That he held in his hand the instrument with which the crime was committed seemed certain, and he eagerly tested the other end for prints. But this time he was baffled. Nothing showed at the places where finger marks might have been expected. It looked as if the murderer had worn gloves or had rubbed the handle clean, and he noted that either alternative postulated a cold-blooded criminal and a calculated crime.
He continued his laborious search of the room, but without finding anything else which interested him. Finally, while his men were photographing the prints he had discovered, he sat down in the leather-covered arm-chair and considered what he had learned.
Certainly a good deal of the evidence pointed to Gething. Gething knew the stones were there. According to Duke, no one else could have got hold of the key to the safe to make an impression. Moreover, his body was found before the safe with the latter open. All circumstantial evidence, of course, though cumulatively strong.

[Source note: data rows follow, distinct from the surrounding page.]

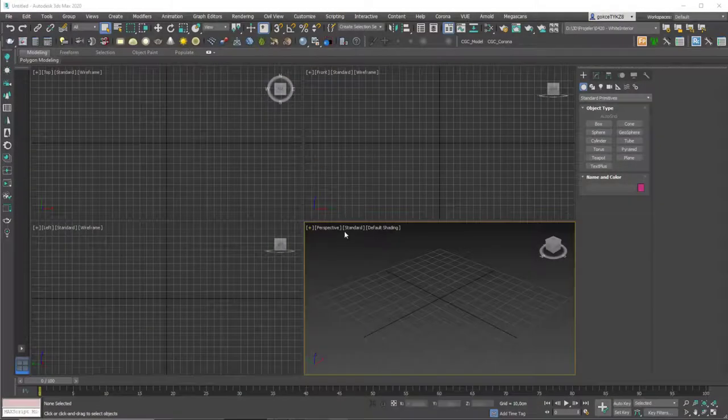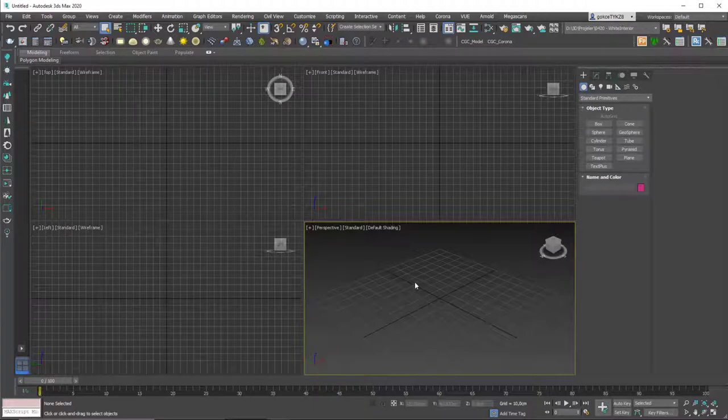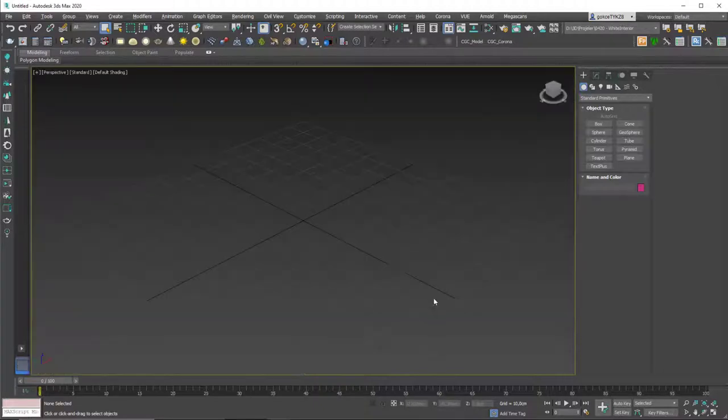Hello friends, welcome to a new 3ds Max tutorial. This is Gokce from CGCave.com and today we are going to learn about the snap tools in 3ds Max.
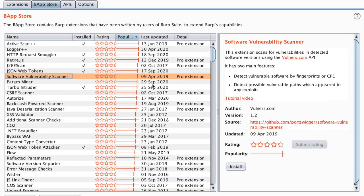Hello everyone, in this video we're going to see just how easy it is to find vulnerabilities while browsing through your target using software vulnerability scanner.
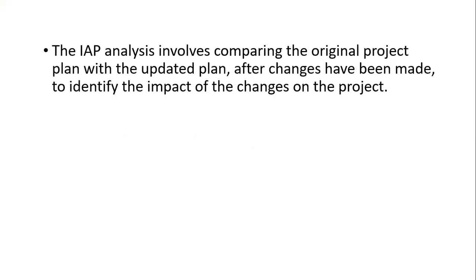The IAP, Impacted As Planned analysis, involves comparing the original project plan with the updated plan after changes have been made to identify the impact of the changes on the project.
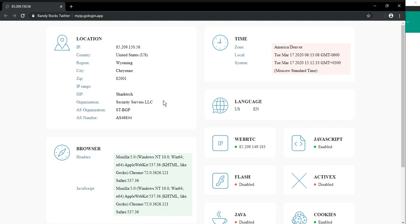GoLogin expands its functionality, and with every update it's easier for you to manage your digital fingerprint. It's especially convenient to do this from a single window. Multi-accounting has never been so easy. Try the free 10-day trial period right now.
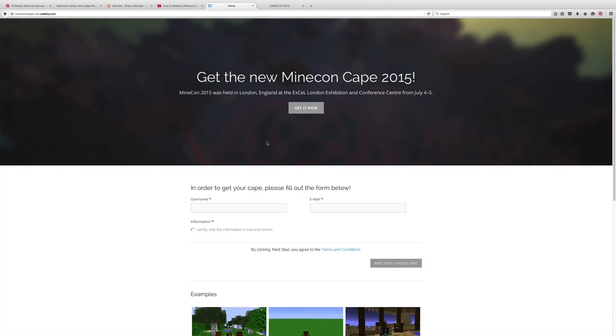Hello guys, welcome back to another video. Today I'm going to be doing a video on how to get a Minecon cape, get a new Minecon cape for 2015. So here we go. Basically what you do is you type in your username, so I'll type in mine.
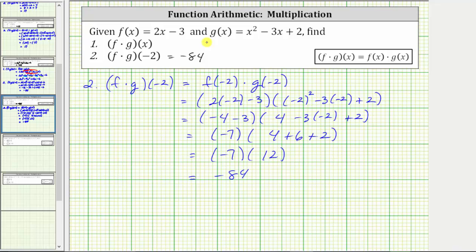So you may notice if we hadn't already found f times g of x in number one, it would probably be faster to find f times g of negative two using this direct method. I hope you found this helpful.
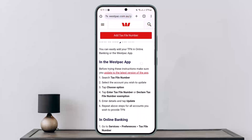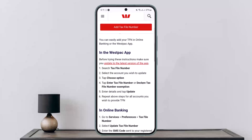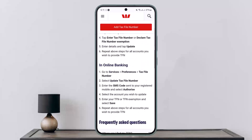In the Westpac app, on the search bar you can search for 'tax file number' from the smart search bar, then select the account you wish to update. Tap 'Choose Option', then tap 'Enter Tax File Number' or 'Declare Tax File Number Exemption'. Enter your details and tap 'Update'. Repeat these steps for all accounts you wish to provide a TFN for.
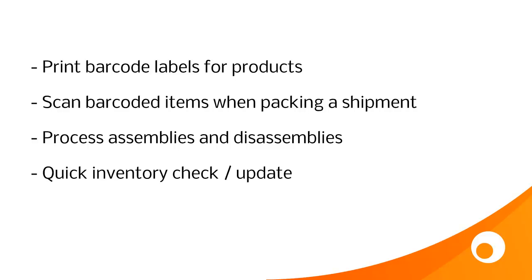So to sum up, in this video we saw how to print barcode labels for products, we saw how to scan barcoded items when packing a shipment, we saw how to process assemblies and disassemblies, and then we saw how to do a quick inventory check and update.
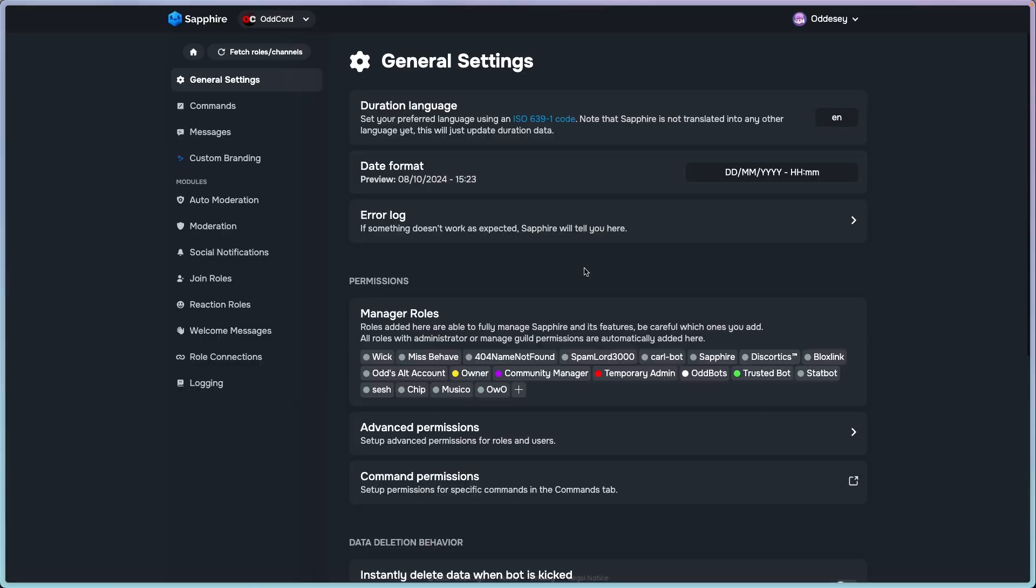Hello, I am Arden and I will try to explain to you how general settings work in the bot Sapphire.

However, whether or not Gething had contemplated robbery, he had not carried it through. Some one else had the diamonds. And here the obvious possibility recurred to him which had been in his mind since he had heard the Superintendent’s first statement. Suppose Orchard was the man. Suppose Orchard, visiting the office in the evening, arrived to find the safe open and the old man stooping over it. Instantly he would be assailed by a terrible temptation. The thing would seem so easy, the way of escape so obvious, the reward so sure. French, sitting back in the arm-chair, tried to picture the scene. The old man bending over the safe, the young one entering, unheard. His halt in surprise; the sudden overwhelming impulse to possess the gems; his stealthy advance; the seizing of the poker; the blow, delivered perhaps with the intention of merely stunning his victim. But he strikes too hard, and, horrified by what he has done, yet sees that for his own safety he must go through with the whole business. He recalls the danger of finger prints, and wipes the handles of the poker and of the drawer in the safe from which he has abstracted the diamonds. With admirable foresight he waits until the body grows cold, lest an examination of it by the policeman he intends to call might disprove his story. Then he rushes out in an agitated manner and gives the alarm.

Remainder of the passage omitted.